I've also seen that -Os with GCC produces significantly slower code in pretty much all use cases I've looked at it on (Game rendering code, optimizing shader compiler, GPU drivers). And that's on mobile devices where you might expect to be more cache/memory bandwidth limited.
I believe the general idea that -Os was often the best choice was popularized as it became the default on MacOS, which uses Clang, which may bias it's optimization options differently. And Clang has had the -Oz option for if you really want to focus on total size, trading possibly lower performance, for quite a while.

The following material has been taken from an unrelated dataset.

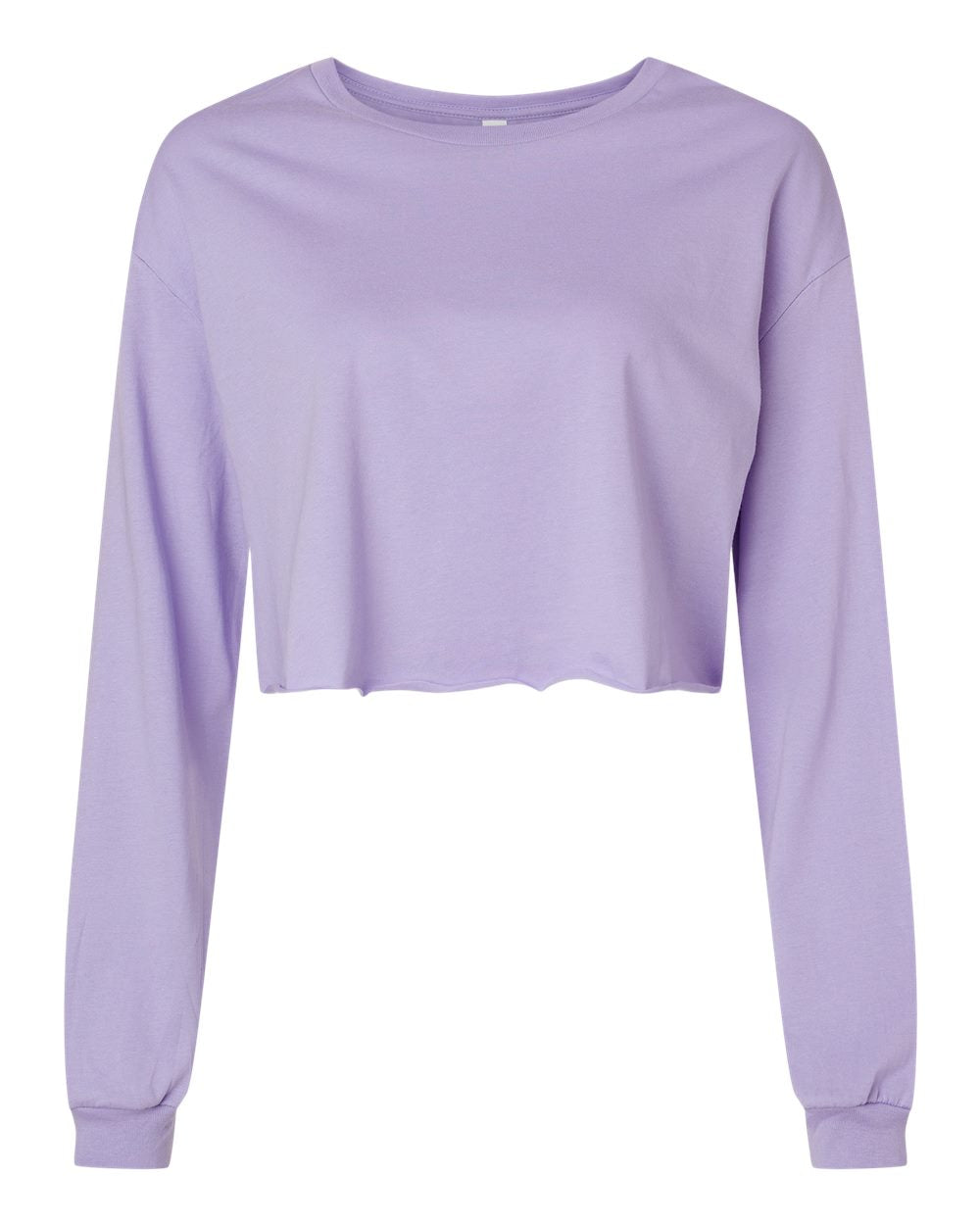 Customized BELLA + CANVAS - FWD Fashion Women's Crop Long Sleeve Tee - 6501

GCC only introduced the same relatively recently in gcc 12. So maybe it'll change the bias of Os going forward?
EDIT: Though I'm not sure about the disassembler on godbolt - I tried seeing if the c++ std::accumulate function would affect code generation, and the disassembled code looks incomplete, and doesn't match the compiler assembler output (by disabling "Compile to Binary Object") at all
I haven't bothered to use -Os much (outside of places where performance decidedly does not matter); it seems fairly clear to me that code with like any amount of hot spots (i.e. most code) would greatly suffer.
I wonder how different would things be if it was more common to select optimization level per function, instead of for the whole project (gcc allows it, clang has only a thing to disable all optimizations on a function).
hey, my reply seems to have been lost! i'll try again
yes, using -Os does seem to have been my main problem! possibly in the past gcc's optimization wasn't as flexible and so couldn't trade off performance for code size as effectively
but what surprised me in this case was not that -Os was reducing size at the expense of speed; it's that it was failing to apply a well-known, widely-applicable optimization that both reduces size and improves speed
getting down to the 4-instruction form of the loop does require an optimization that increases size while (usually) improving speed: transforming while (x) y; into if (x) do y; while (x);, which costs four bytes in this case (because the beq/bne doesn't fit into a compressed instruction; risc-v 2-byte compressed branches can only test a single register, so you only have c.beqz and c.bnez)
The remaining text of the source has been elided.